* [Prompt] Whatever appears in the records, retype it exactly, except for the pictures.

^^^^^^^^

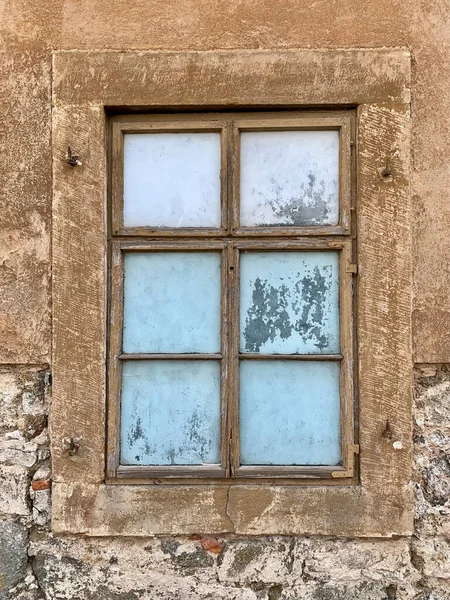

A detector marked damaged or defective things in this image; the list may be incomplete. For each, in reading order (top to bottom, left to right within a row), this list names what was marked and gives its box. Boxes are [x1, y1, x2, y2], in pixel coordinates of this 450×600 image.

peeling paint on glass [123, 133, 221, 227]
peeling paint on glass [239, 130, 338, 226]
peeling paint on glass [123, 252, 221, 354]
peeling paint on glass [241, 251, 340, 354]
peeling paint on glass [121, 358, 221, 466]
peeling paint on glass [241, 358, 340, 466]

^^^^^^^^

* [Solution to this exercise]
A detector marked damaged or defective things in this image; the list may be incomplete. For each, in reading order (top to bottom, left to right within a row), this list names what was marked and gives its box. Boxes are [x1, y1, x2, y2], in pixel coordinates of this 450×600 image.

peeling paint on glass [123, 133, 221, 227]
peeling paint on glass [239, 130, 338, 226]
peeling paint on glass [123, 252, 221, 354]
peeling paint on glass [241, 251, 340, 354]
peeling paint on glass [121, 358, 221, 466]
peeling paint on glass [241, 358, 340, 466]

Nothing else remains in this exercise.